▶ _RECORDS FOR PROCESSING_
***

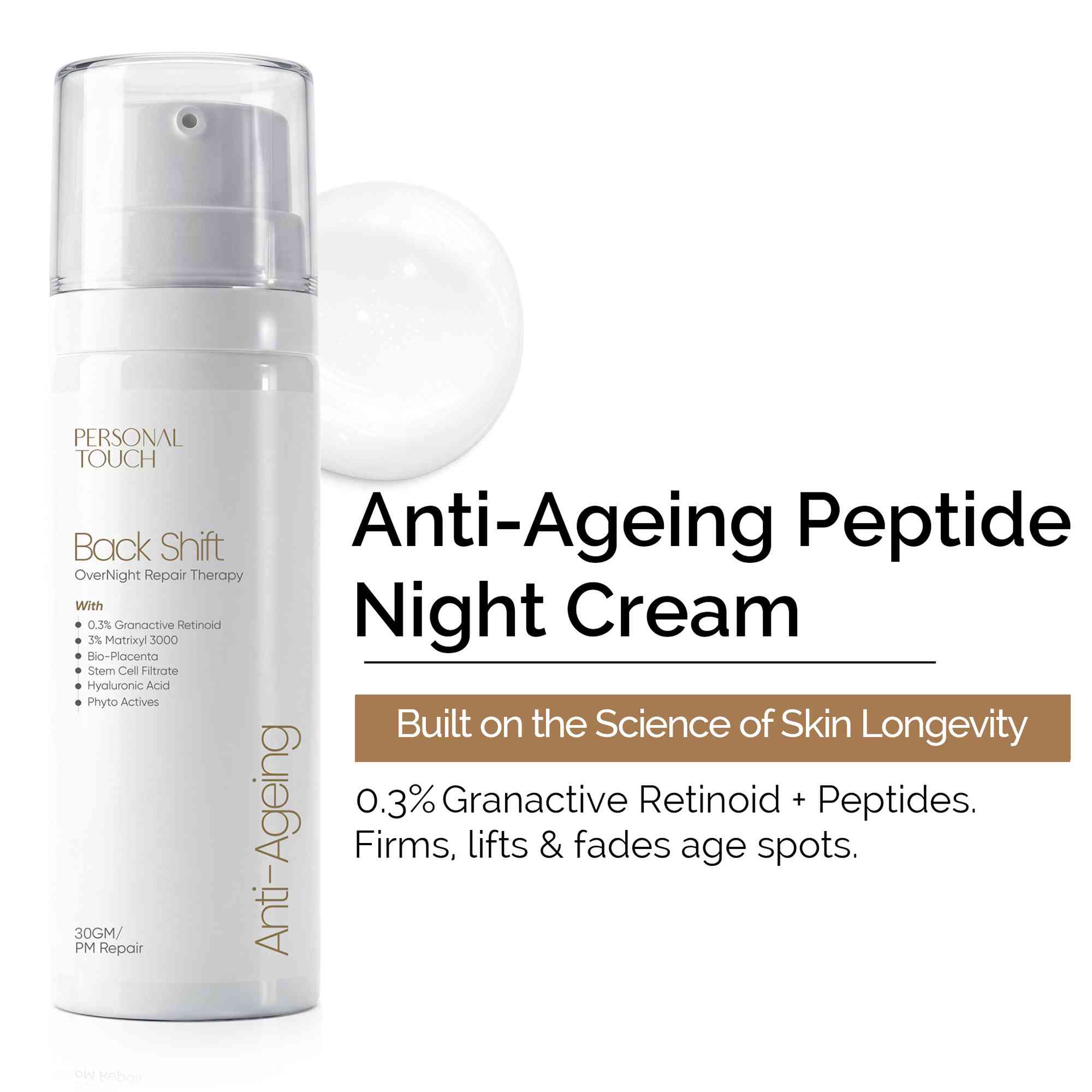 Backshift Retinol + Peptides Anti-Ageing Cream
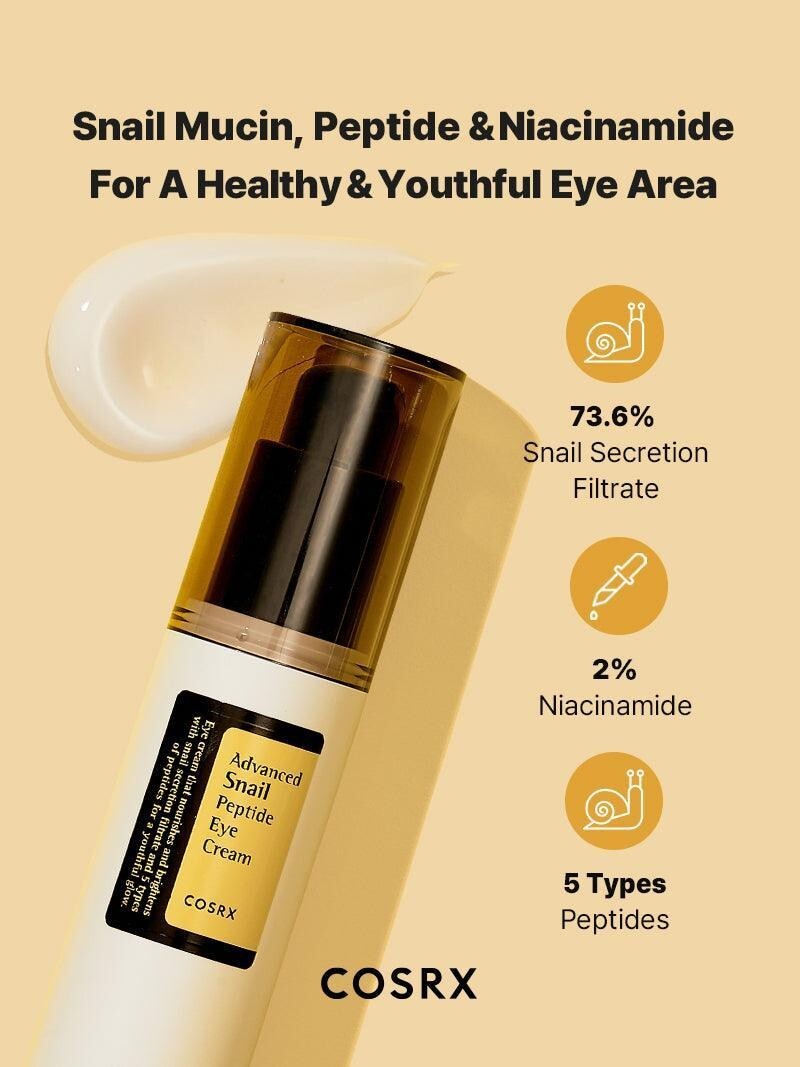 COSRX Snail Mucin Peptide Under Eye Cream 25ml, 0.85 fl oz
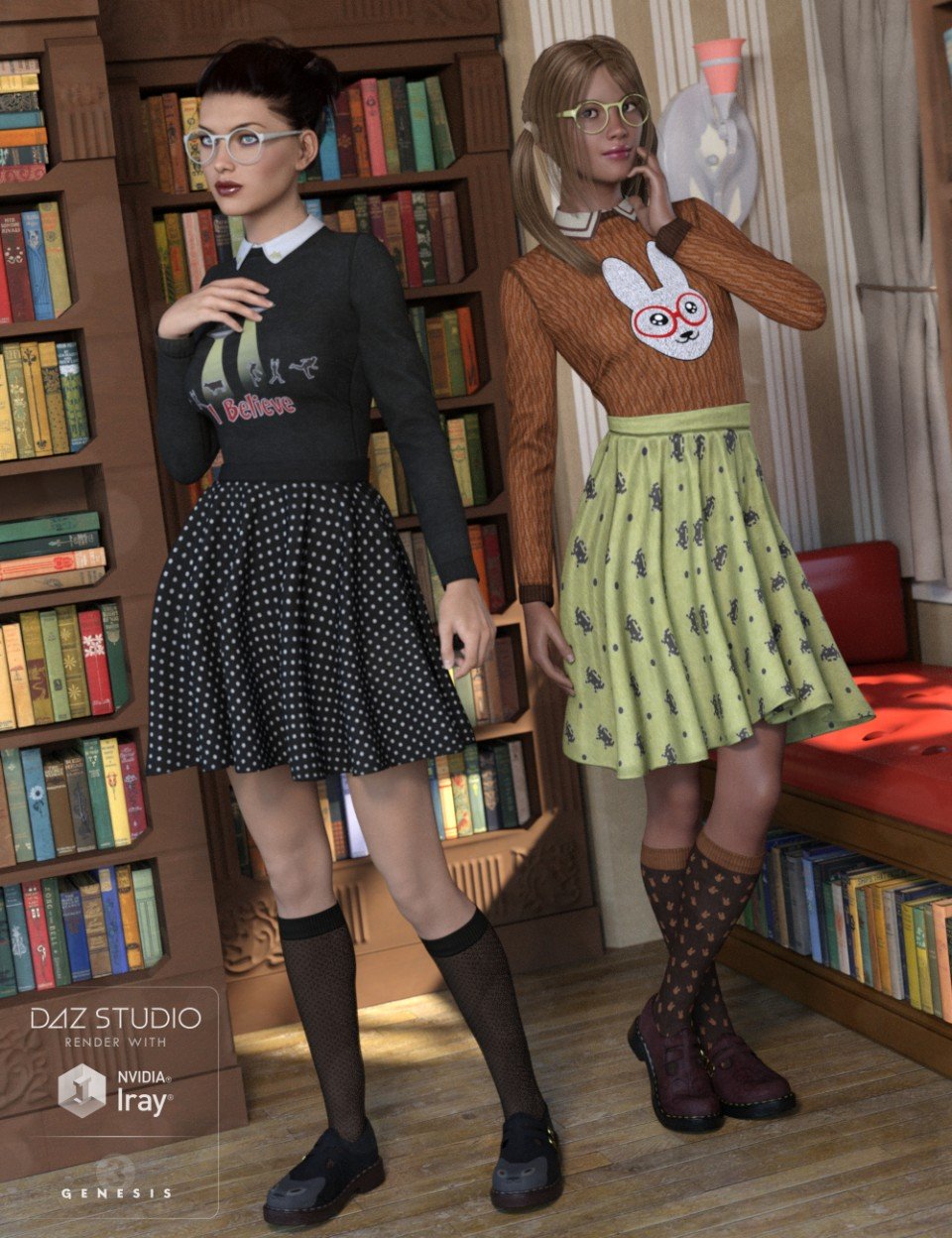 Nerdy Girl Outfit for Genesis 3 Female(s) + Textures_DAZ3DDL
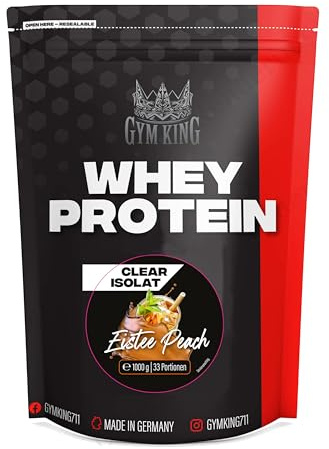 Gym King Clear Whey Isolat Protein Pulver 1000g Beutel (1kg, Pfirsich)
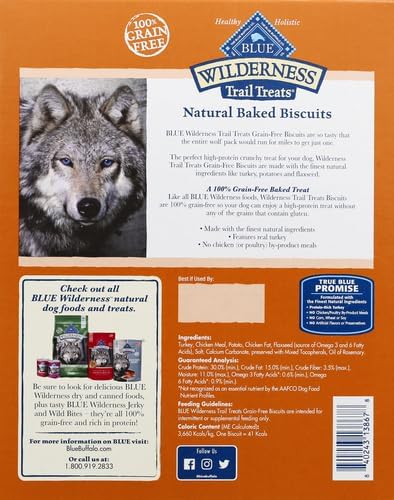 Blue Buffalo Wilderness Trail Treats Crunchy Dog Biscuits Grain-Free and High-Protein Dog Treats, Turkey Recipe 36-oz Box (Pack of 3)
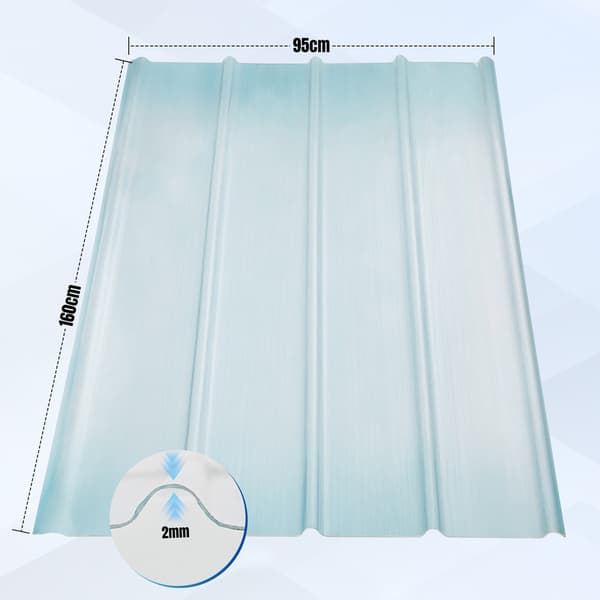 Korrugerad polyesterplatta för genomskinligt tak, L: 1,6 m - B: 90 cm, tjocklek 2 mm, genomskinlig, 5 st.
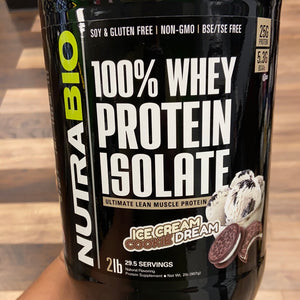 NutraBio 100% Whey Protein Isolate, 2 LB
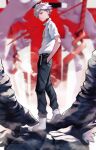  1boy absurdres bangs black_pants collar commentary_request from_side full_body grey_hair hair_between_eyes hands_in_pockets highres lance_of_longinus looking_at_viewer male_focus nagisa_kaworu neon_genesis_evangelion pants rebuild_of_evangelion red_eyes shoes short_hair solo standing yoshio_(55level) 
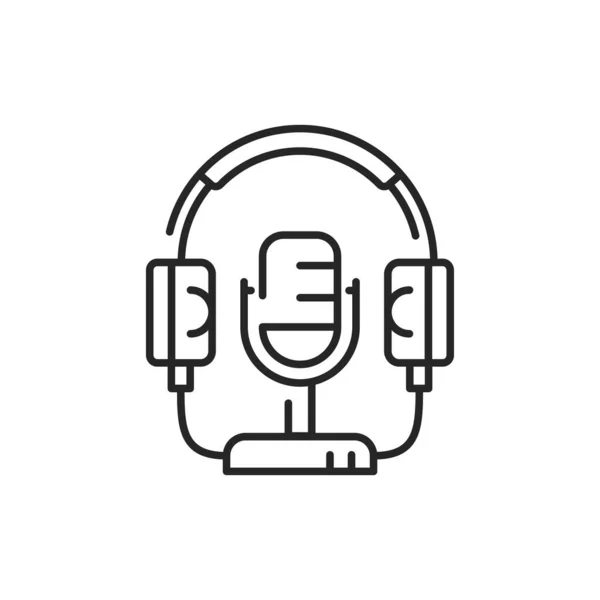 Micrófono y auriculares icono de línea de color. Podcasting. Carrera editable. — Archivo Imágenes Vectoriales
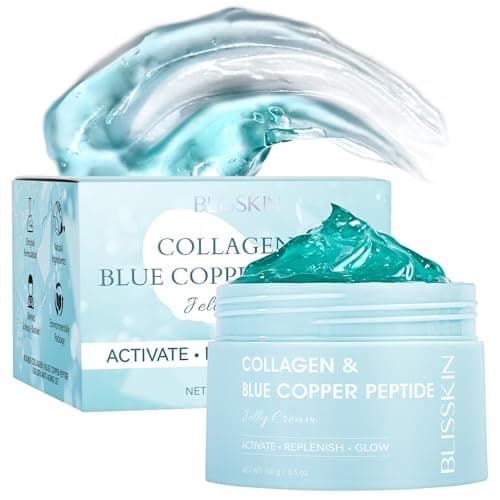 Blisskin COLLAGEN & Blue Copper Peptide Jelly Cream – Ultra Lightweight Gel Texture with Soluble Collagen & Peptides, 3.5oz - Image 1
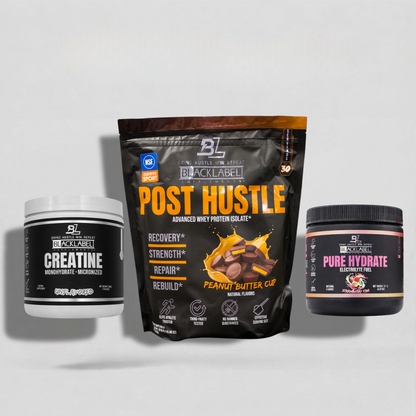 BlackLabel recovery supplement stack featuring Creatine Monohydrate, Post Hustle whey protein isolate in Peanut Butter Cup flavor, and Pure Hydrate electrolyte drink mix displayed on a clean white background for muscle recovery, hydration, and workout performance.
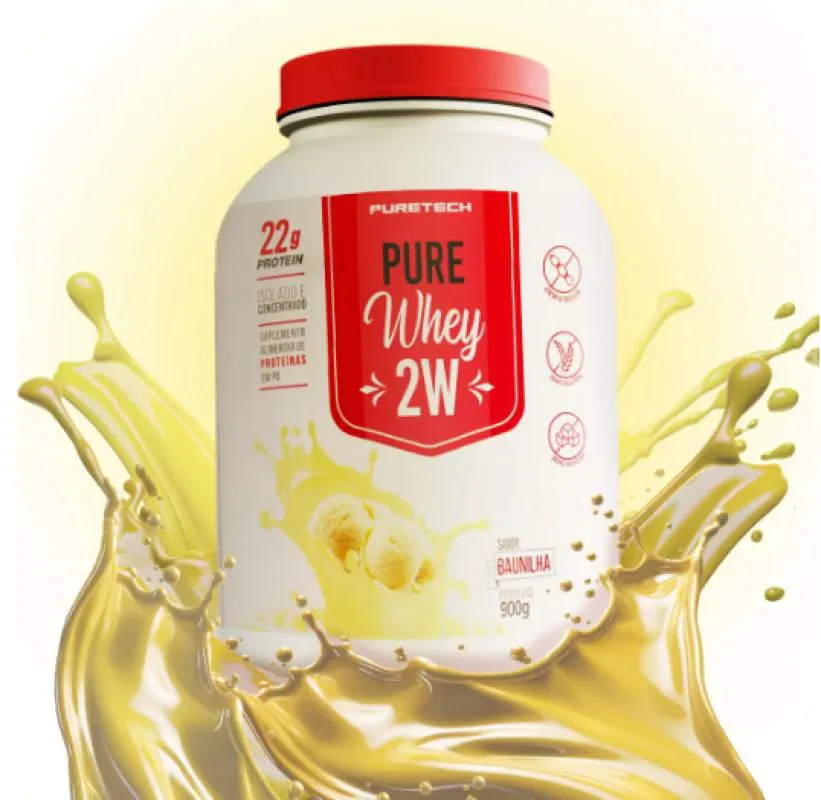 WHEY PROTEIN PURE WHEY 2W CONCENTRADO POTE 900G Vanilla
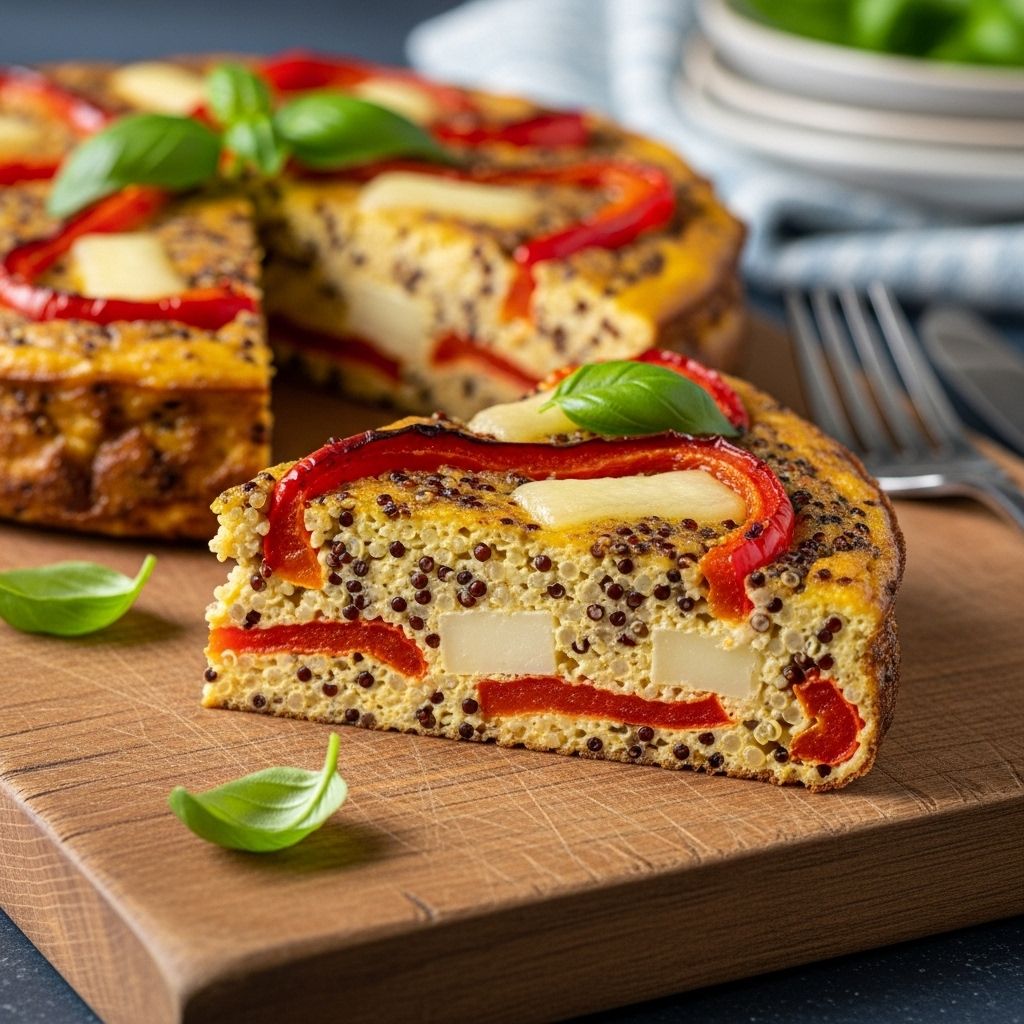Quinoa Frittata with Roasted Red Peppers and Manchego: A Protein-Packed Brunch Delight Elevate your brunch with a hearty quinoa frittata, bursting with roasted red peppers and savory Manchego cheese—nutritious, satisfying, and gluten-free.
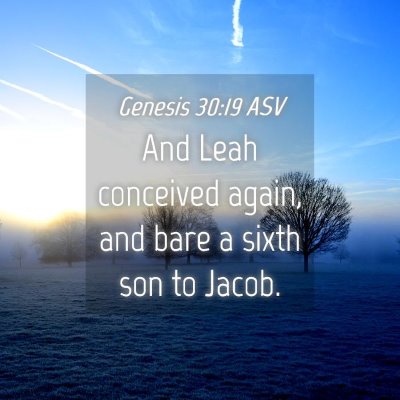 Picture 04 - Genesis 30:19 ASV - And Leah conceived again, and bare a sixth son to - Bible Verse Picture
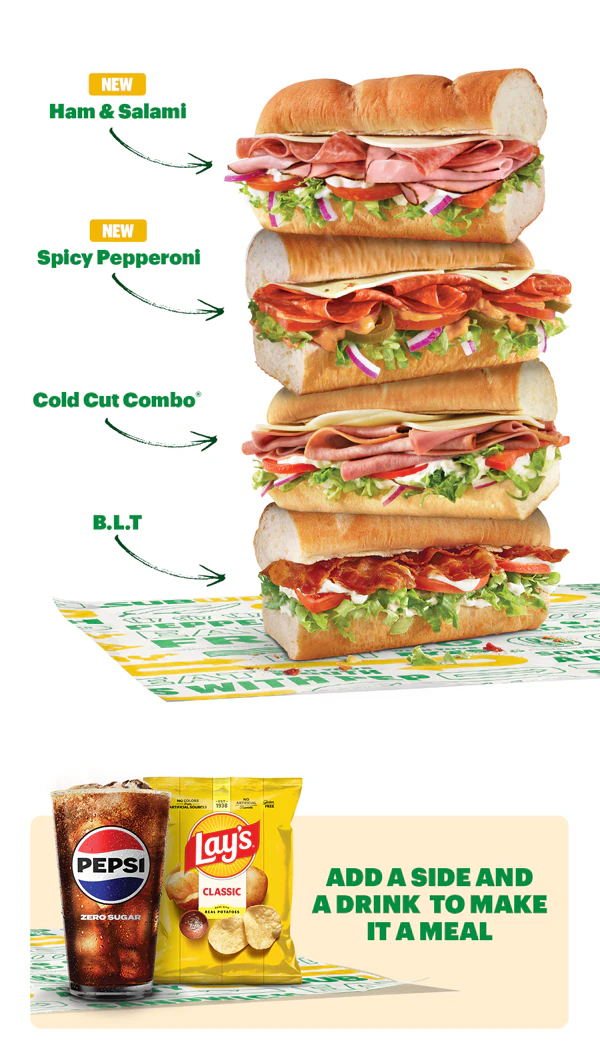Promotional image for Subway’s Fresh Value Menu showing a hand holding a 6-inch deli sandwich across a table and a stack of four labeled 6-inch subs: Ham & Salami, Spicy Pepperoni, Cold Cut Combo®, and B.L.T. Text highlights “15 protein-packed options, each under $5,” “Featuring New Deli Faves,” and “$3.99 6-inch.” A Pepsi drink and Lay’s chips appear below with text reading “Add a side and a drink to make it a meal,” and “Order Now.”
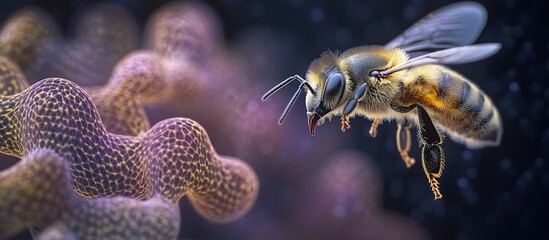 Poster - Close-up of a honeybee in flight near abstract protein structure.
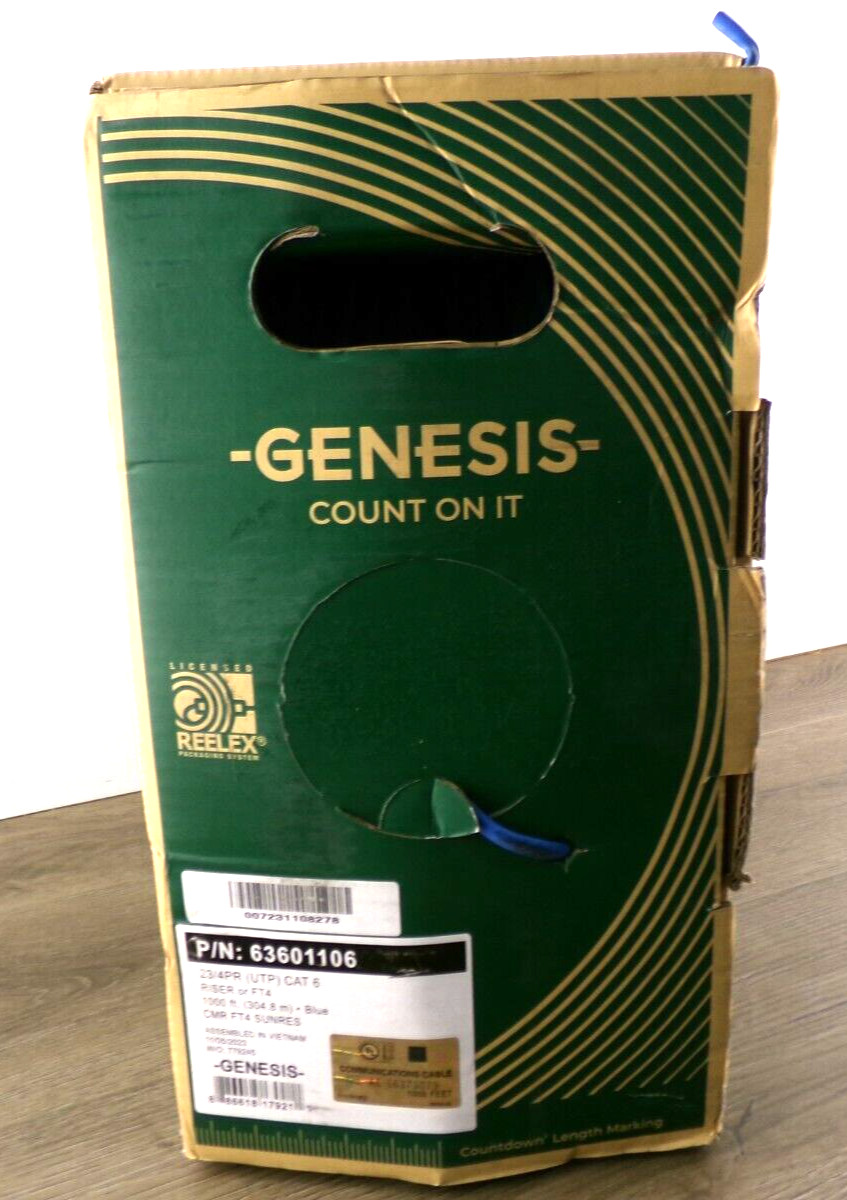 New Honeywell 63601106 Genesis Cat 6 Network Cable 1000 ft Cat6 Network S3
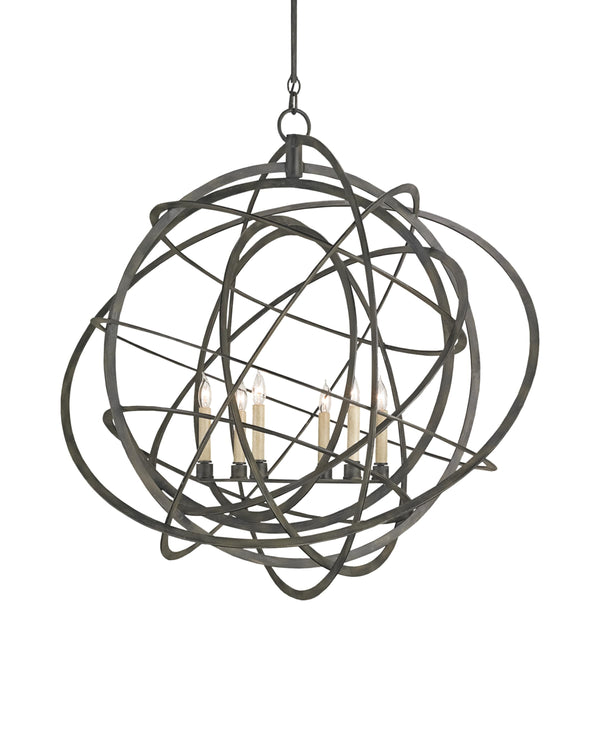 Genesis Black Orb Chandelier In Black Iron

***

▶ _AIM OF THE TASK_
The answer should consist only of the lines from the one with "WHEY PROTEIN PURE" through the last line of the material above, copied exactly, with no pictures.

▶ _TASK RESULT_
 WHEY PROTEIN PURE WHEY 2W CONCENTRADO POTE 900G Vanilla
Quinoa Frittata with Roasted Red Peppers and Manchego: A Protein-Packed Brunch Delight Elevate your brunch with a hearty quinoa frittata, bursting with roasted red peppers and savory Manchego cheese—nutritious, satisfying, and gluten-free.
 Picture 04 - Genesis 30:19 ASV - And Leah conceived again, and bare a sixth son to - Bible Verse Picture
Promotional image for Subway’s Fresh Value Menu showing a hand holding a 6-inch deli sandwich across a table and a stack of four labeled 6-inch subs: Ham & Salami, Spicy Pepperoni, Cold Cut Combo®, and B.L.T. Text highlights “15 protein-packed options, each under $5,” “Featuring New Deli Faves,” and “$3.99 6-inch.” A Pepsi drink and Lay’s chips appear below with text reading “Add a side and a drink to make it a meal,” and “Order Now.”
 Poster - Close-up of a honeybee in flight near abstract protein structure.
 New Honeywell 63601106 Genesis Cat 6 Network Cable 1000 ft Cat6 Network S3
 Genesis Black Orb Chandelier In Black Iron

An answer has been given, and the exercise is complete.